Notre chroniqueuse Diane Rambaldini explore le concept souvent mal employé de « bien-être numérique » et s’interroge sur l’impact qu’il peut avoir sur la sensibilisation des collaborateurs aux enjeux de cybersécurité

 

C’est au festival des pédagogies numériques en Belgique, à l’occasion d’un atelier de co-construction, que j’ai été saisie par le concept de « bien-être numérique », m’emportant dans un tourbillon de réflexions. L’atelier façon « feu de camp » auquel je participais avait pour objectif de nous faire réfléchir aux éléments favorisant le bien-être numérique au sein des familles. C’est incroyable comme l’utilisation d’un concept tourné vers l’émotion (le bien-être) a pu rendre les participants prolixes ! C’est en écoutant les témoignages et les pistes proposées qu’une évidence m’est apparue : Ne pourrait-on pas expliquer certains échecs de la sensibilisation à la cybersécurité par un problème racine : celui du mal-être numérique, entraînant dans son sillage un blocage, de fait, à la question de la sécurité ?

Mais, qu’est-ce que le « bien-être numérique » ?

Comme celui de « sécurité », le concept de bien-être numérique est du ressort du sentiment. On l’atteint quand on réussit à trouver un équilibre, c’est-à-dire qu’on parvient à donner à ses outils numériques et à ses usages leur juste place, en nous procurant quelque chose de positif. Si on se rattache à la définition de l’OMS , le bien-être doit se mesurer physiquement, mentalement et socialement.

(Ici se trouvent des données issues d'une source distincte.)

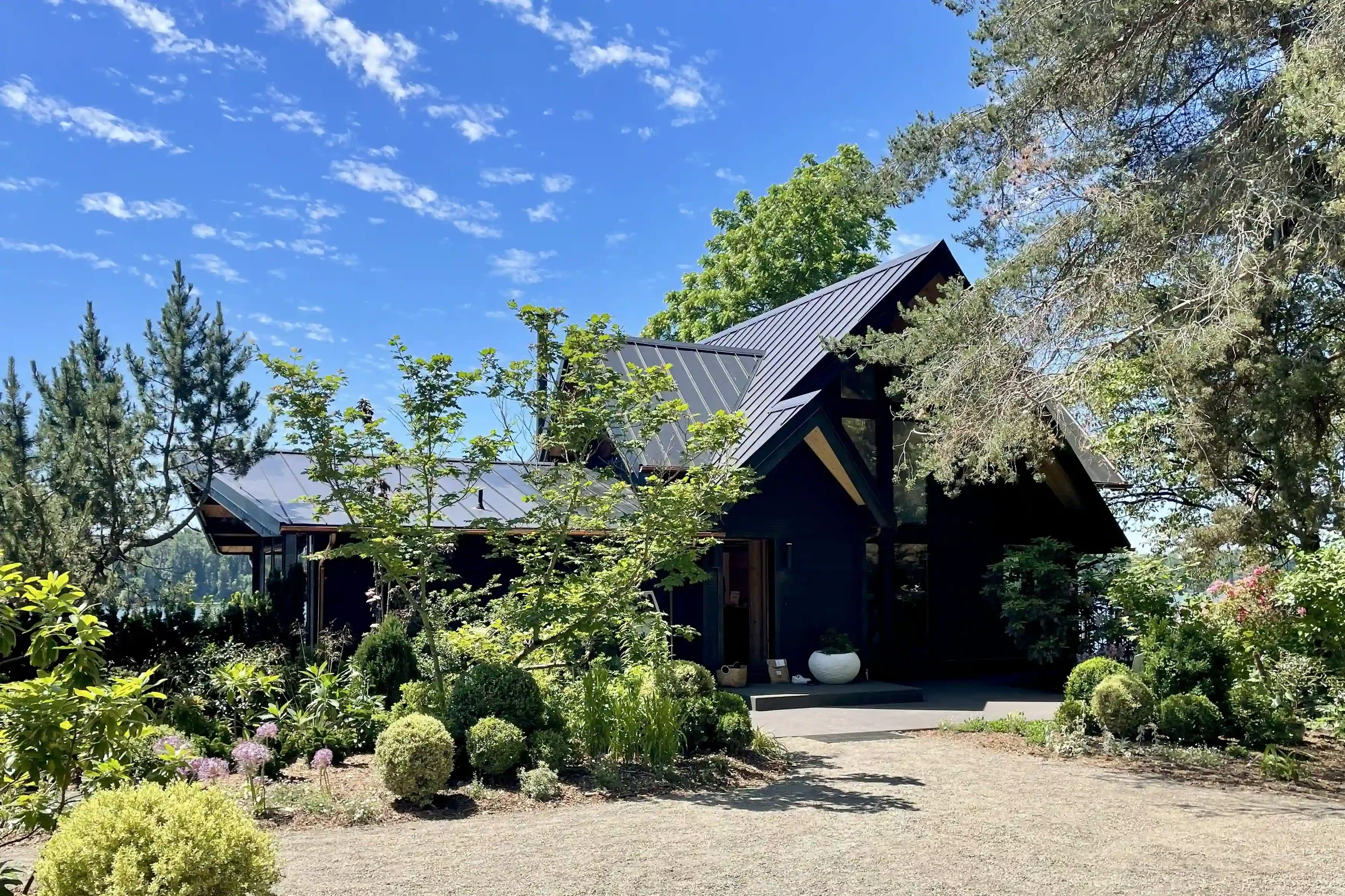 Modern house with dark exterior and metal roof, surrounded by lush greenery and trees, under a bright blue sky with scattered clouds.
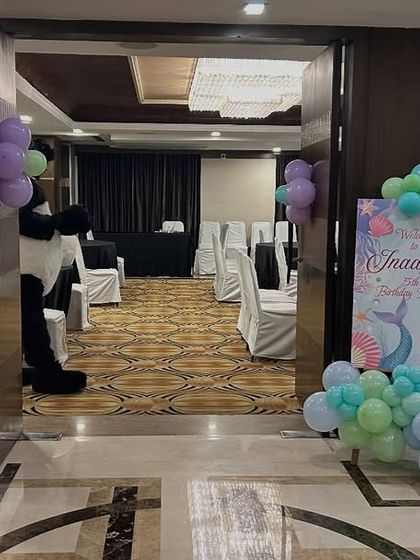 The entrance to the mermaid party, decorated with a welcome sign, balloon arrangements, and character props.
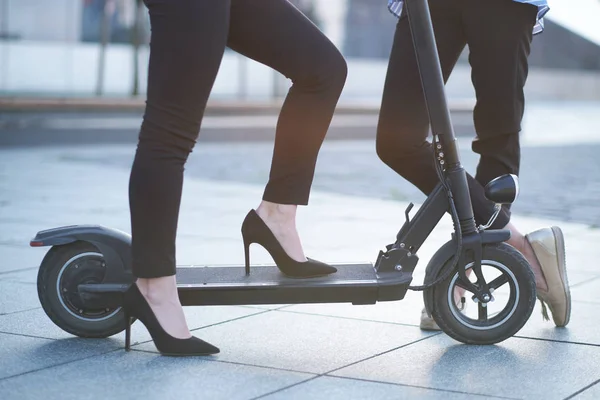 Legs of two females with electrical scooter — Stock Photo, Image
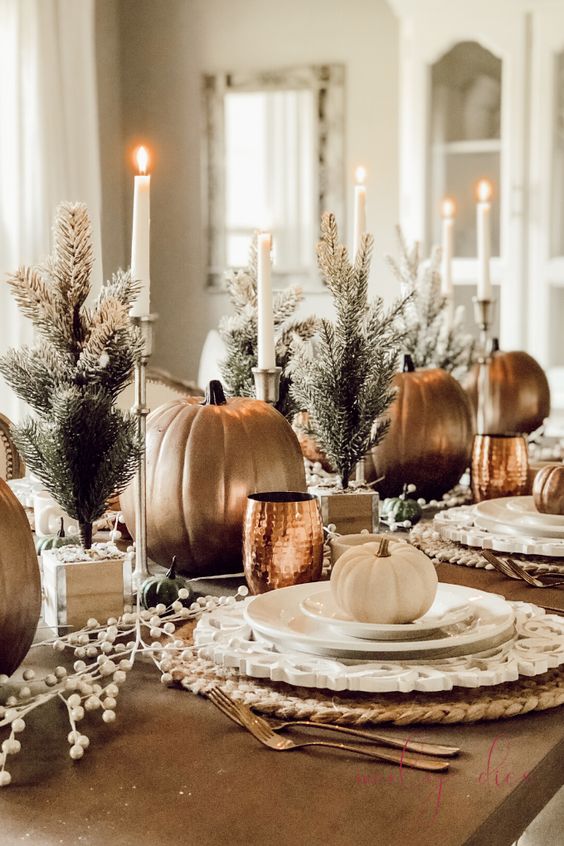 a beautiful Thanksgiving table setting with mini trees, pumpkins, candles, faux berries, copper mugs and woven placemats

En évoquant le bien-être numérique, on pense du tac-o-tac au droit à la déconnexion, consacré par le droit du travail (et à la digital detox), souvent présentées comme LES solutions pour atteindre le « nirvana numérique ». Vous avouerez que considérer le bien-être numérique par sa seule absence prête quand même à sourire, autant que de ne la concevoir que par la seule hypothèse de l’hyperconnexion.
Le concept me semble bien plus large, complexe et moins binaire que ça et l’atelier évoqué plus haut en a été la parfaite illustration.

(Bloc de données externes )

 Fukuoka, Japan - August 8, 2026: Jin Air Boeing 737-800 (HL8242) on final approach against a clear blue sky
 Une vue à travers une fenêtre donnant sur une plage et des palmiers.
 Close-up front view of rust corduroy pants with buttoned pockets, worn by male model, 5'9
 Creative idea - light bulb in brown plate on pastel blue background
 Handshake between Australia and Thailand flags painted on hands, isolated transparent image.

Des recherches ont d’ailleurs été menées, accouchant d’une définition scientifique de ce « bien-être numérique » :

“Le bien-être numérique est une expérience individuelle subjective d’équilibre optimal entre les avantages et les inconvénients liés à la connectivité mobile. Cet état expérientiel est constitué d’évaluations cognitives et affectives à propos de la manière dont s’intègre la connectivité dans la vie ordinaire. Les gens atteignent le bien-être numérique quand ils font l’expérience d’un maximum de plaisir contrôlé et de support fonctionnel grâce aux outils technologiques, tout en limitant la perte de contrôle et la détérioration des performances (troubles fonctionnels). ”  – Vanden Abeele (2021).

Quelle place au bien-être à l’heure de la sacro-sainte transformation numérique ?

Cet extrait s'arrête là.